*Dataset records*
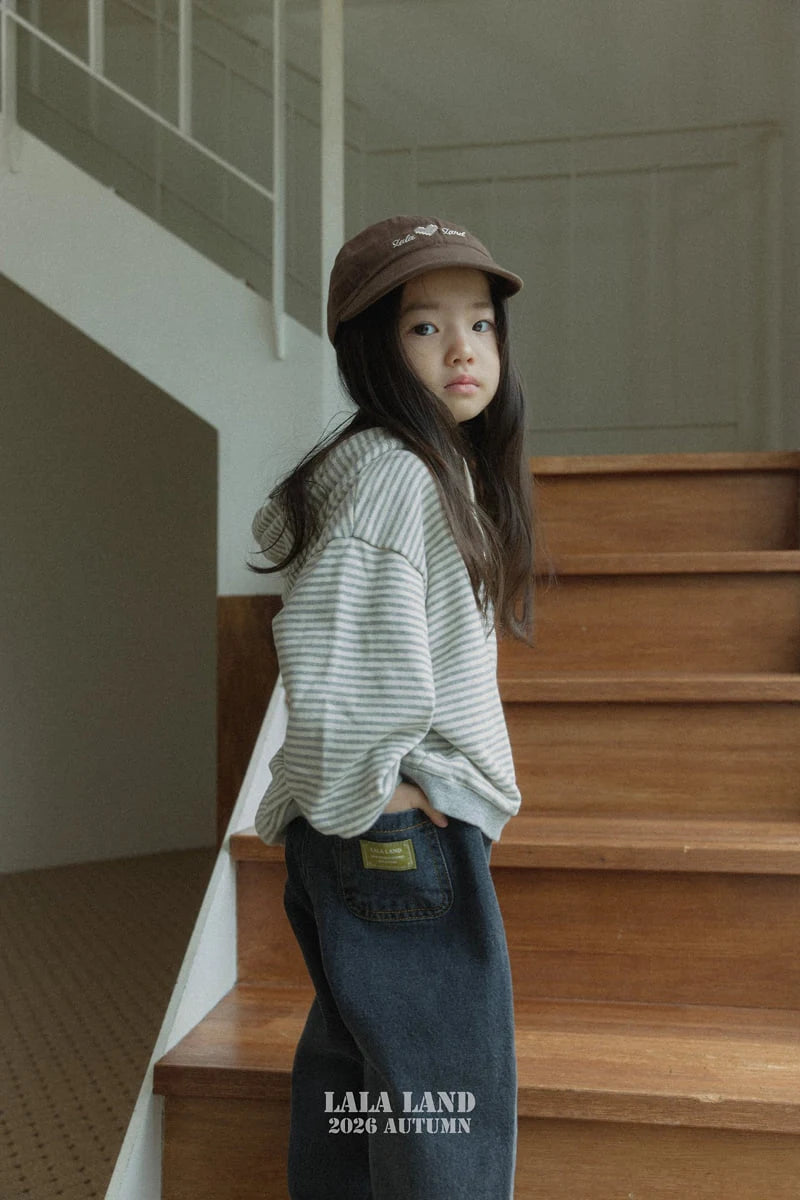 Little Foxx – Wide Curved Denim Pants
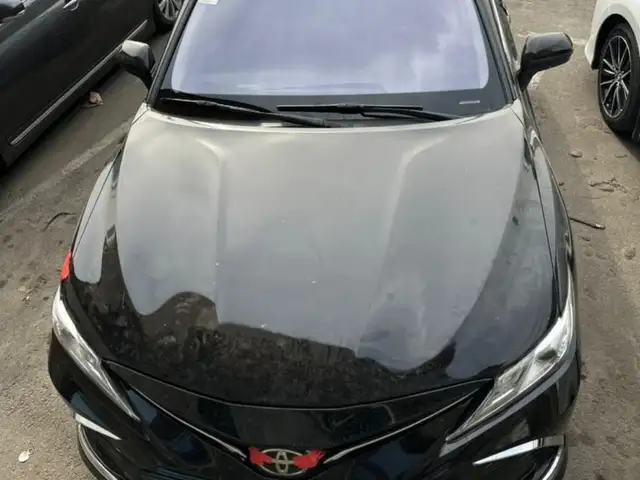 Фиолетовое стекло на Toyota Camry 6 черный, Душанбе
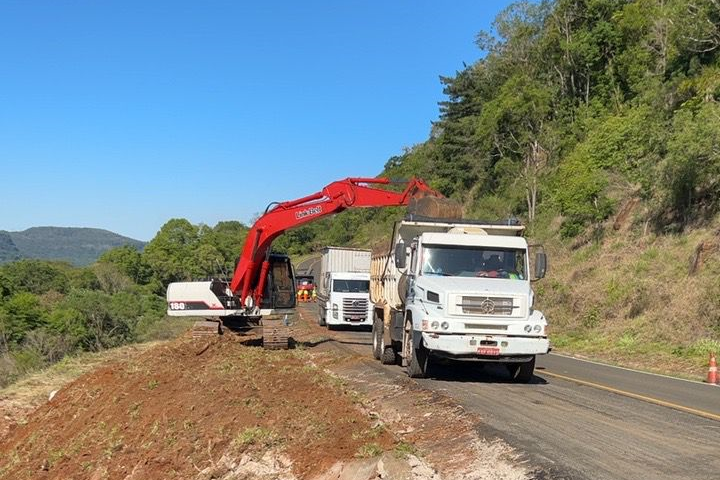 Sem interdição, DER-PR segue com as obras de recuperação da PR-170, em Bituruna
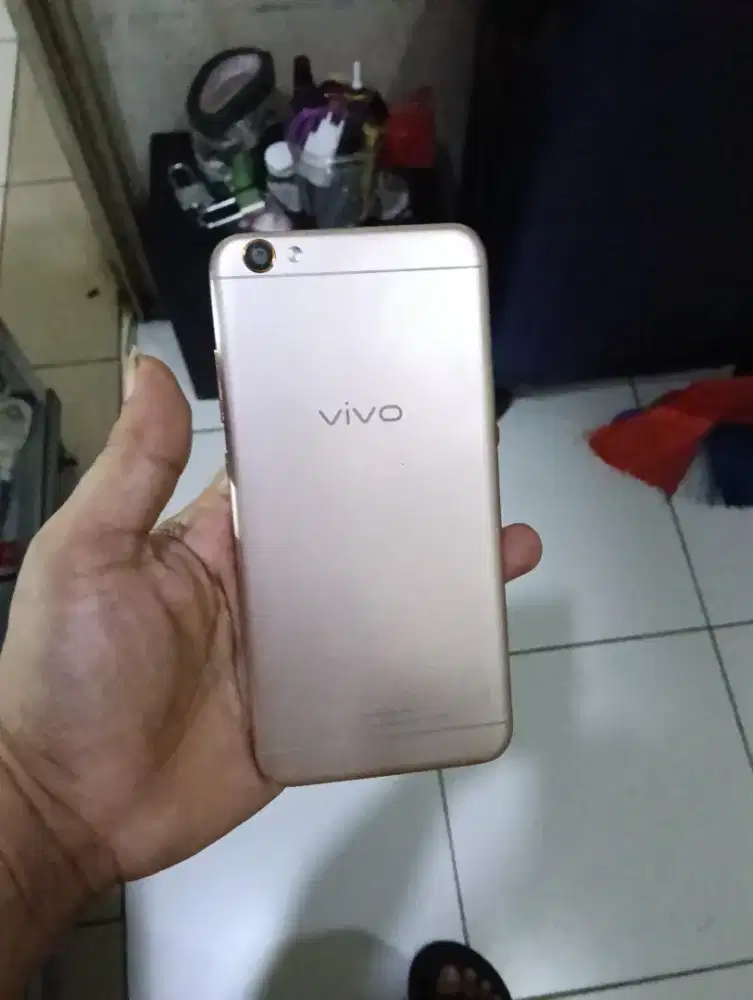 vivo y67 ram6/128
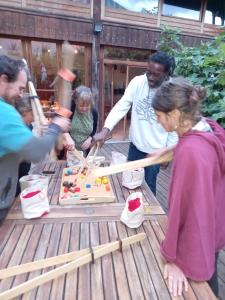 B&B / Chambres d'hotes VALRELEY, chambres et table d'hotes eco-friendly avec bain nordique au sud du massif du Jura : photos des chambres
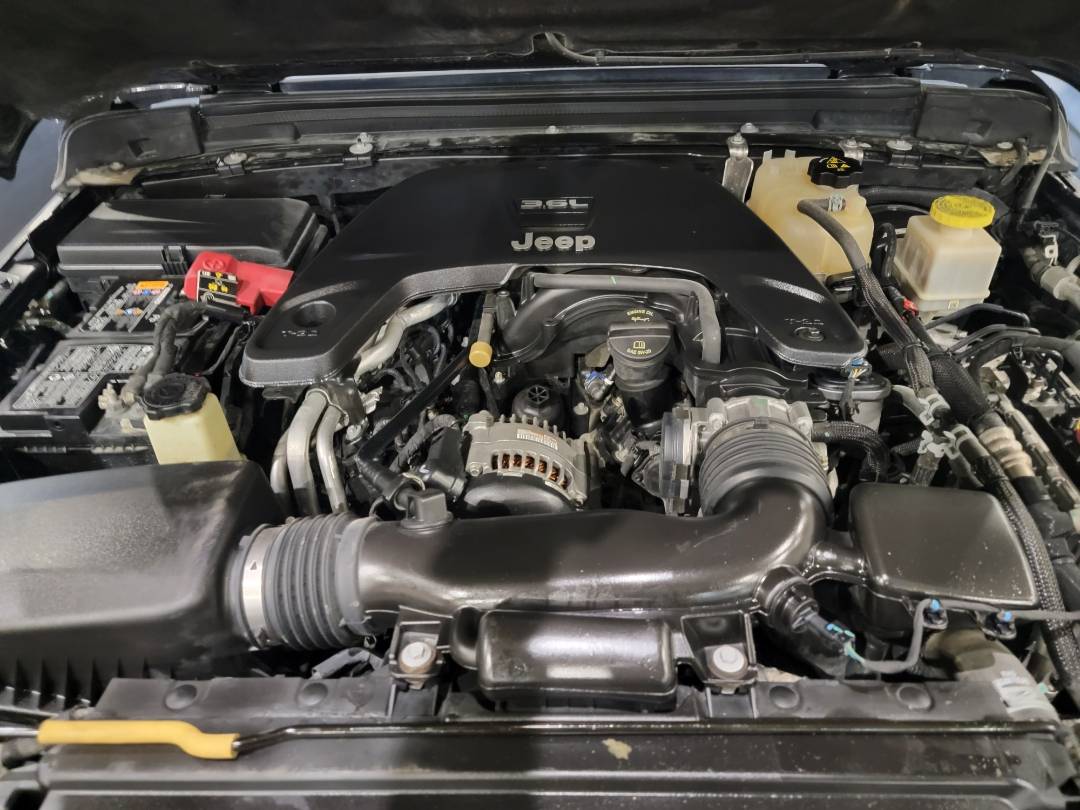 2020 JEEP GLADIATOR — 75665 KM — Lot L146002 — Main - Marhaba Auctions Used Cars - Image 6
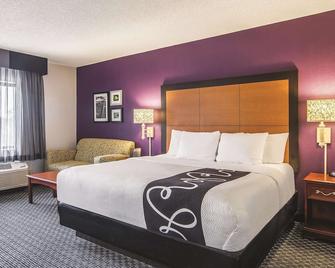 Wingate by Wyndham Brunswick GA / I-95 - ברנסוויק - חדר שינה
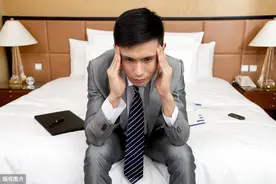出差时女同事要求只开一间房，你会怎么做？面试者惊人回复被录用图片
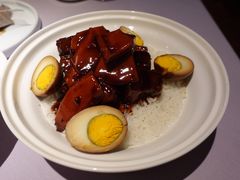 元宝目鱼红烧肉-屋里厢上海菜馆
==
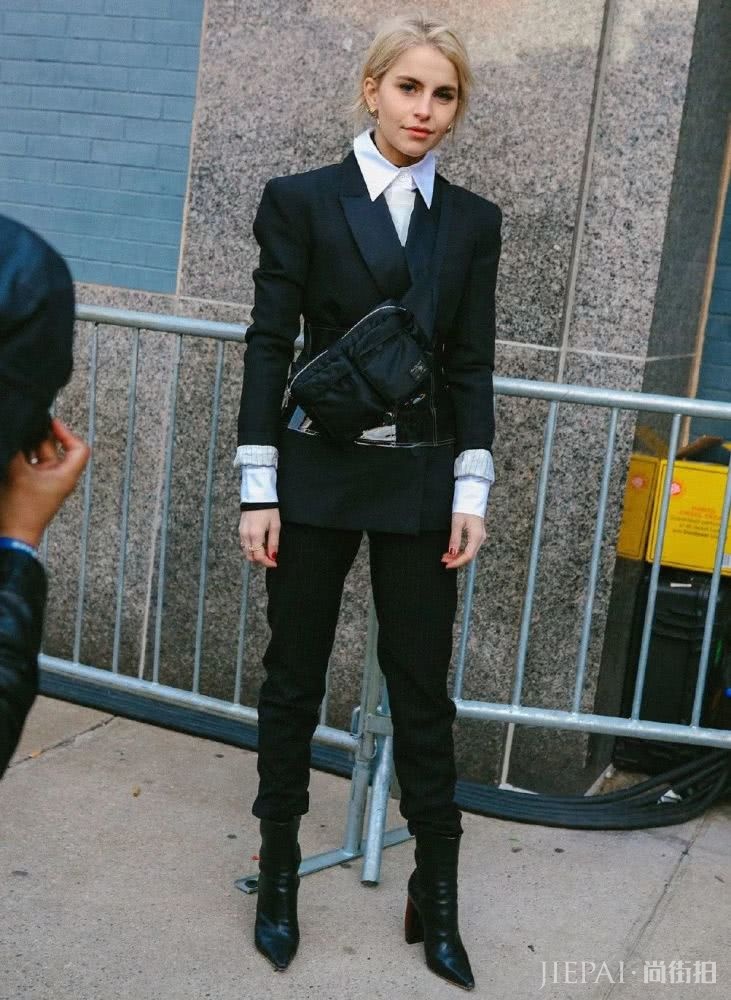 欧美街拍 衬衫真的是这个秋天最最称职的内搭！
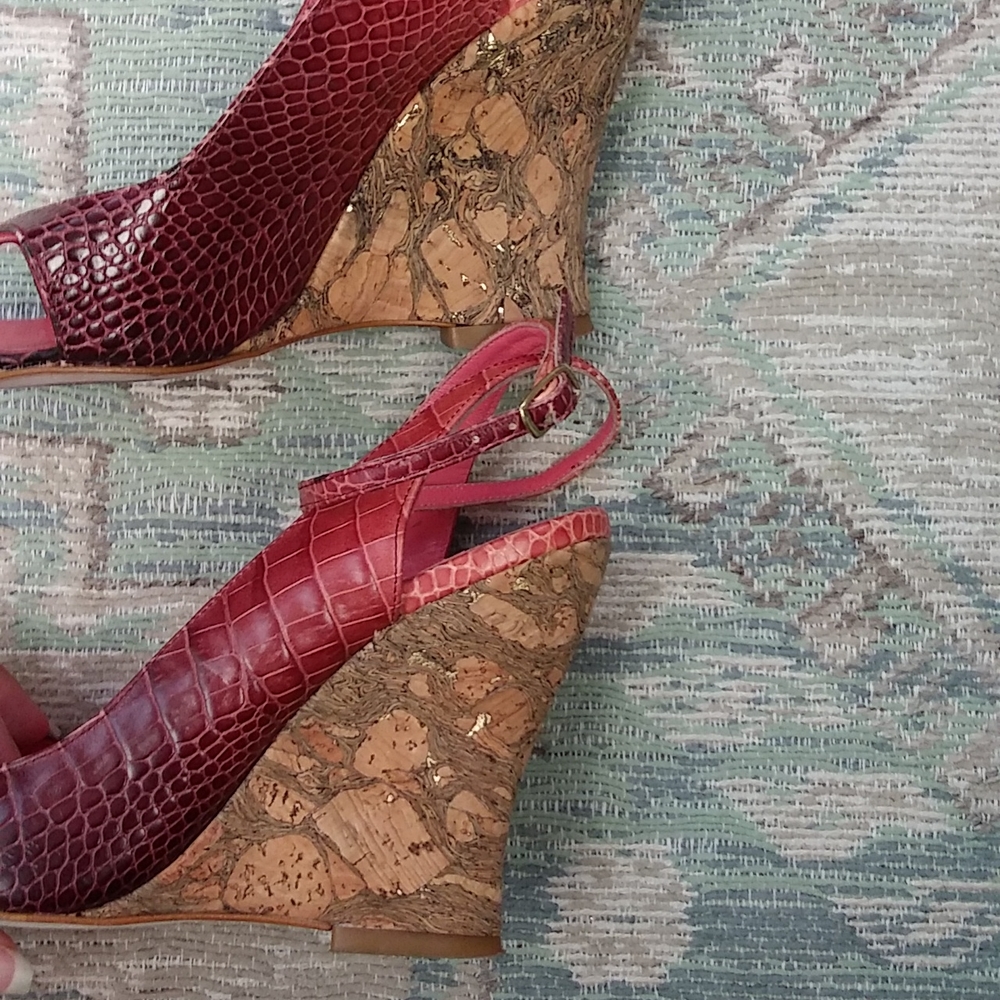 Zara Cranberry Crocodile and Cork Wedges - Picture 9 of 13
* * *
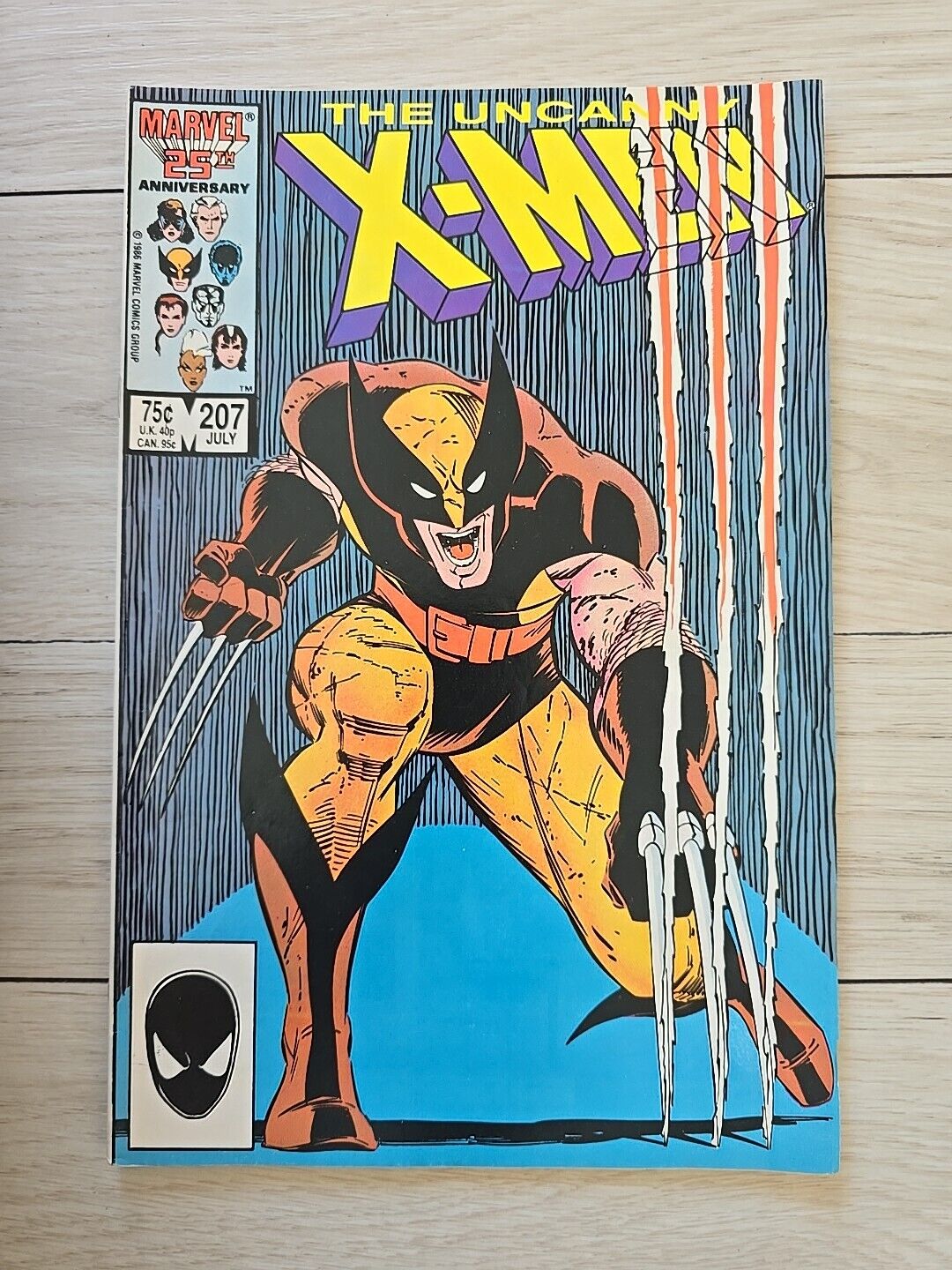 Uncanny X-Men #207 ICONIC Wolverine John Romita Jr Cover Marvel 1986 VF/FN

*Exercise prompt*
Repeat exactly the lines above, beginning at the one containing "Little Foxx – Wide Curved Denim Pants" and ending at the one containing "元宝目鱼红烧肉-屋里厢上海菜馆". Do not carry over any pictures.

*Written response*
 Little Foxx – Wide Curved Denim Pants
 Фиолетовое стекло на Toyota Camry 6 черный, Душанбе
 Sem interdição, DER-PR segue com as obras de recuperação da PR-170, em Bituruna
 vivo y67 ram6/128
 B&B / Chambres d'hotes VALRELEY, chambres et table d'hotes eco-friendly avec bain nordique au sud du massif du Jura : photos des chambres
 2020 JEEP GLADIATOR — 75665 KM — Lot L146002 — Main - Marhaba Auctions Used Cars - Image 6
 Wingate by Wyndham Brunswick GA / I-95 - ברנסוויק - חדר שינה
出差时女同事要求只开一间房，你会怎么做？面试者惊人回复被录用图片
 元宝目鱼红烧肉-屋里厢上海菜馆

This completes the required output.